Task details:
Return, from the data below, each line that contains the word "HOPE".

Records for the task below:

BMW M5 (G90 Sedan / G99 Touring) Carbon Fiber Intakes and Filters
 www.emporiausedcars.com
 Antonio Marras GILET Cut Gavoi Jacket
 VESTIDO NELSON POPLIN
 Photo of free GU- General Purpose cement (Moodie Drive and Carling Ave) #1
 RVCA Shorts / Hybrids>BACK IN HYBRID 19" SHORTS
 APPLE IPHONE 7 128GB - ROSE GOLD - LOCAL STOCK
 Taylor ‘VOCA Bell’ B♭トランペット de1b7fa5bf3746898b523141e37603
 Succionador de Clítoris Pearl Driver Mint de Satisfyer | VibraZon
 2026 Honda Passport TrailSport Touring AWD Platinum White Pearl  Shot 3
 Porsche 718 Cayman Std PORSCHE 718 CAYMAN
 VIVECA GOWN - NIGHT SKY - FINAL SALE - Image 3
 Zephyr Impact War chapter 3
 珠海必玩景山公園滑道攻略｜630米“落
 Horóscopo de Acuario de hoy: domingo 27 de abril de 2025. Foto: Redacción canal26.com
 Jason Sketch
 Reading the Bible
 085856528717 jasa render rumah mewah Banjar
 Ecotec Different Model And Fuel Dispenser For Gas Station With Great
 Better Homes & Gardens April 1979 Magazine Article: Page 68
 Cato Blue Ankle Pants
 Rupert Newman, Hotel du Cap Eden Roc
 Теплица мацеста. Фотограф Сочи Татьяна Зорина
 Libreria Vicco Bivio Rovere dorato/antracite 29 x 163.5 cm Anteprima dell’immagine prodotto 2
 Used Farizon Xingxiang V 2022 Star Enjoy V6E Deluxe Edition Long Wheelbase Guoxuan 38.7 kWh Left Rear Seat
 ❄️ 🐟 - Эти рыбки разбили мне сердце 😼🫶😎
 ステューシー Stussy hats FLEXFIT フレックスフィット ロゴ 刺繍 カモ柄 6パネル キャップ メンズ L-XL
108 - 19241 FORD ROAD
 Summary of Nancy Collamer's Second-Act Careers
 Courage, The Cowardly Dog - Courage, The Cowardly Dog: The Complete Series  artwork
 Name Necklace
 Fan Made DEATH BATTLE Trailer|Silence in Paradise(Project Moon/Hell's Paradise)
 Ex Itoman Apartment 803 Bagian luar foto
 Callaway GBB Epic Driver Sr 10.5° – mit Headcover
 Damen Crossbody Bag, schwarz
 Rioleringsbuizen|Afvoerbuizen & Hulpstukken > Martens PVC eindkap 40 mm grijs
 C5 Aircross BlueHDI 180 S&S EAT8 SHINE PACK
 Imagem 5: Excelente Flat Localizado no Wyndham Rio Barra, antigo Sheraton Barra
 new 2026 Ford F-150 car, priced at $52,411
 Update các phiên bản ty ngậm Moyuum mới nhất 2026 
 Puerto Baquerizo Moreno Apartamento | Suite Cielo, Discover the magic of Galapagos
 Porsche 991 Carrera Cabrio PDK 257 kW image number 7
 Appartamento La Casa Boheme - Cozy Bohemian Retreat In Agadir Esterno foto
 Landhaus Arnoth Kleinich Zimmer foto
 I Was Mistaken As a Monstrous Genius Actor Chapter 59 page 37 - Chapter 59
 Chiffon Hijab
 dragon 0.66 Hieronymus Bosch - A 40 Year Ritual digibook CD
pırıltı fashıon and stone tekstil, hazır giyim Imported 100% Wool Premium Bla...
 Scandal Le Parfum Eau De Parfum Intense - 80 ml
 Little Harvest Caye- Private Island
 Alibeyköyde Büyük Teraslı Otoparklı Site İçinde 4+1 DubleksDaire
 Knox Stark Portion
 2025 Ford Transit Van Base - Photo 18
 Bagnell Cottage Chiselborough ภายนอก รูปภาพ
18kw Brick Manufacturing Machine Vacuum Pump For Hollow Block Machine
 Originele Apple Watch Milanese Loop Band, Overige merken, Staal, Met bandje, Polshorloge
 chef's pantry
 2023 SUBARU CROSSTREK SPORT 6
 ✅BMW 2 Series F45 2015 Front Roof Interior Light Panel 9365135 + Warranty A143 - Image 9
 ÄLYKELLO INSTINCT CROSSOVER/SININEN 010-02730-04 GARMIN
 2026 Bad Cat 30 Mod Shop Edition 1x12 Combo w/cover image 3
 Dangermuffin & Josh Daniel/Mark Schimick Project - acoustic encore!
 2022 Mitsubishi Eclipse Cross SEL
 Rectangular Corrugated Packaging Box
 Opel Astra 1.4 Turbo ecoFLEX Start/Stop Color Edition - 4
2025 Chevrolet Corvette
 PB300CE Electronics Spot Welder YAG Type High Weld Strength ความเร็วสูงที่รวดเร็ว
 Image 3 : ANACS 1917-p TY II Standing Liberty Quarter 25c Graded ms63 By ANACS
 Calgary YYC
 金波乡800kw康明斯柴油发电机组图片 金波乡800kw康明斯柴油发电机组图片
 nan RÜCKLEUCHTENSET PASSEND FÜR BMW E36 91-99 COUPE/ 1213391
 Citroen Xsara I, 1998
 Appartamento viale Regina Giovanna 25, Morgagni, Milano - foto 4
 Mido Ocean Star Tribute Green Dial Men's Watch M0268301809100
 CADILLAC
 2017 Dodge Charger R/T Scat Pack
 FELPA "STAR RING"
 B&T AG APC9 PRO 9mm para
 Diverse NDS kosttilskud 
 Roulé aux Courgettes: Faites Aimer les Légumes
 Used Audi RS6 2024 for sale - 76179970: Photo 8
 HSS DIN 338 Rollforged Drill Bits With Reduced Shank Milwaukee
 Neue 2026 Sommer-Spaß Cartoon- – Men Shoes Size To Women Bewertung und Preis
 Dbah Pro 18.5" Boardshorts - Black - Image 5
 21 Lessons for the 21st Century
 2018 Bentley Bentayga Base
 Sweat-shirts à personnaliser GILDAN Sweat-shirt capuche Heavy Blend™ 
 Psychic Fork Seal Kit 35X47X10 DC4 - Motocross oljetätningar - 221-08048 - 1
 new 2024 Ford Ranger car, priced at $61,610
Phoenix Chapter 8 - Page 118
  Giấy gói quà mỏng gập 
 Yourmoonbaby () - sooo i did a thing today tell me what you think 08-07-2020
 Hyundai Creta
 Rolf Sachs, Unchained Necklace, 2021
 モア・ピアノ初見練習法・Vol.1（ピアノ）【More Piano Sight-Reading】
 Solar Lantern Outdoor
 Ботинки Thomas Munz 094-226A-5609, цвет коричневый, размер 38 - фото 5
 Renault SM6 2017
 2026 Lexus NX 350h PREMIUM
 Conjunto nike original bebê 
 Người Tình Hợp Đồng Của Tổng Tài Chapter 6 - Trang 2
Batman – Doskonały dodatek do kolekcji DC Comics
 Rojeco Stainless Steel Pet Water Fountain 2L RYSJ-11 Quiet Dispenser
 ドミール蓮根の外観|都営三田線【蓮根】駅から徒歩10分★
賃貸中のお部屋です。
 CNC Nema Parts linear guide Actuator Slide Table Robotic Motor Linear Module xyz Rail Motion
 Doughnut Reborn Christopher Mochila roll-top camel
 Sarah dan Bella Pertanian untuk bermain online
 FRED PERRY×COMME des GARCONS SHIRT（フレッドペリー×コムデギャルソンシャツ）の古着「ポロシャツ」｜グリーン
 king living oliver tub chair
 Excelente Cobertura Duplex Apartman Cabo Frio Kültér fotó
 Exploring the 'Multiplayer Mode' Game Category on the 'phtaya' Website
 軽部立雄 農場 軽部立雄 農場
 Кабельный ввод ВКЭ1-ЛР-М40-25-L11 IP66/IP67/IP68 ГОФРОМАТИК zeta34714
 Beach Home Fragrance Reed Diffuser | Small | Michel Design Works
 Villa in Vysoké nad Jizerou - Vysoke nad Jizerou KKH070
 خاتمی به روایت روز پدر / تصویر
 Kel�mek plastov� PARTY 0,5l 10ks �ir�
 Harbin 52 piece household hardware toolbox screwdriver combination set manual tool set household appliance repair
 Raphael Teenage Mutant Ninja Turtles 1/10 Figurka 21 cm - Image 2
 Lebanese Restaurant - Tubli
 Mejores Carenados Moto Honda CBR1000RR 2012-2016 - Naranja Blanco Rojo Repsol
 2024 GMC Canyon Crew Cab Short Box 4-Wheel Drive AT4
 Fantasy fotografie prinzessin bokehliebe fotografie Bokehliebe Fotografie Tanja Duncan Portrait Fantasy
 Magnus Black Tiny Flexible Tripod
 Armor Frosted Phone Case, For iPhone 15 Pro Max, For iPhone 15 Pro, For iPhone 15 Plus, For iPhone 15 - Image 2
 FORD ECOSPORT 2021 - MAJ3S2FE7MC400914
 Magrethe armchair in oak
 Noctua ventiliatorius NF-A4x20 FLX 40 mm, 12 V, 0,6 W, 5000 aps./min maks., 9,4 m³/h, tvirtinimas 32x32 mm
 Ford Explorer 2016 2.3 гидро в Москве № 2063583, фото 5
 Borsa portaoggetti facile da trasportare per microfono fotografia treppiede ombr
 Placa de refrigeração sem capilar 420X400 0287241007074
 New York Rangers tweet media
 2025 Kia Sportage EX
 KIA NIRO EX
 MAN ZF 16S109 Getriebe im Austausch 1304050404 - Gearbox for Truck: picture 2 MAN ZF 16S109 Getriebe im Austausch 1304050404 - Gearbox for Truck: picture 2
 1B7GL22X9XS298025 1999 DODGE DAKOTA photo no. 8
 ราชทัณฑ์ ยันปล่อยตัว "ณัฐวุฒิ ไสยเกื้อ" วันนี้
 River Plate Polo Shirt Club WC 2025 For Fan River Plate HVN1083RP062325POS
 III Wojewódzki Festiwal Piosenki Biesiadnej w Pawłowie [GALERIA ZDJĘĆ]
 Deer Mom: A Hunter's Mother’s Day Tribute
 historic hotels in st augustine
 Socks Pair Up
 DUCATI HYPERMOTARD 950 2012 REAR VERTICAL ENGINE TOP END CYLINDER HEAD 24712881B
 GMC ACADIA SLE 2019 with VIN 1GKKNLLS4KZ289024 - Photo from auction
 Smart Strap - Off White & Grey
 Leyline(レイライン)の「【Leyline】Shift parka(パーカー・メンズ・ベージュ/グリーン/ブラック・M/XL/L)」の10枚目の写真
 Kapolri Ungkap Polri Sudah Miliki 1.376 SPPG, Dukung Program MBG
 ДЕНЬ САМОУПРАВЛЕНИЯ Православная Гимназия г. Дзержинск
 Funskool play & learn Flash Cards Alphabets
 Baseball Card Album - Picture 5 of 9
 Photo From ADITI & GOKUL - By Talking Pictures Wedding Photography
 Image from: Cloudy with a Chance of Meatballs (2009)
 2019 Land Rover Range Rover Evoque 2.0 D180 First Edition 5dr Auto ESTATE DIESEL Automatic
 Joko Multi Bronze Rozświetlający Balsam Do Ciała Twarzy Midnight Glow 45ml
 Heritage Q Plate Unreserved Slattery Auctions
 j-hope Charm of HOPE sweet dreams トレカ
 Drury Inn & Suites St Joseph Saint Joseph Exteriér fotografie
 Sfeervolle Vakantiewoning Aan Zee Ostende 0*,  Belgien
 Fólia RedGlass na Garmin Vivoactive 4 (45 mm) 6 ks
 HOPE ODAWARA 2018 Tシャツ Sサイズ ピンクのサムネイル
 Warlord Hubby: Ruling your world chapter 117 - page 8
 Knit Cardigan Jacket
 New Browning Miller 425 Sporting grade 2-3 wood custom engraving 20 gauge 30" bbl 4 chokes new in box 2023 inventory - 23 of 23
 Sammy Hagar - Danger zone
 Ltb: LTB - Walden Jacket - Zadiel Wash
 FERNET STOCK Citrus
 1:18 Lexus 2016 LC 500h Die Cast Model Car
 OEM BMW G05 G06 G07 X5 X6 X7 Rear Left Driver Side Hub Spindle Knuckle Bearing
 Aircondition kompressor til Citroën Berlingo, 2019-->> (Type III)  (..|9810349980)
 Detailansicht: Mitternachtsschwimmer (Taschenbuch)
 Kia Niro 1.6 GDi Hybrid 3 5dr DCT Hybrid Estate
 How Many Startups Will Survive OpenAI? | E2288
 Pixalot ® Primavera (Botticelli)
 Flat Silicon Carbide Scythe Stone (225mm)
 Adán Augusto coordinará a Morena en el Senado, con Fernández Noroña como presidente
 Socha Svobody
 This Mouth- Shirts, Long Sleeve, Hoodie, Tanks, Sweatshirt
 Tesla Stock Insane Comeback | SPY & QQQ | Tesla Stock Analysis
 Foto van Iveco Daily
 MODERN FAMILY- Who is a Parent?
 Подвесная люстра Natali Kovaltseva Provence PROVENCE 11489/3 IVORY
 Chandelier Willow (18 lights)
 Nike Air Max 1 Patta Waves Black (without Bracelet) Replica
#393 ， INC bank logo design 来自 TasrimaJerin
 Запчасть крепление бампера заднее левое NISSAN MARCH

End of Records for the task.

Solution to this exercise:
 j-hope Charm of HOPE sweet dreams トレカ
 HOPE ODAWARA 2018 Tシャツ Sサイズ ピンクのサムネイル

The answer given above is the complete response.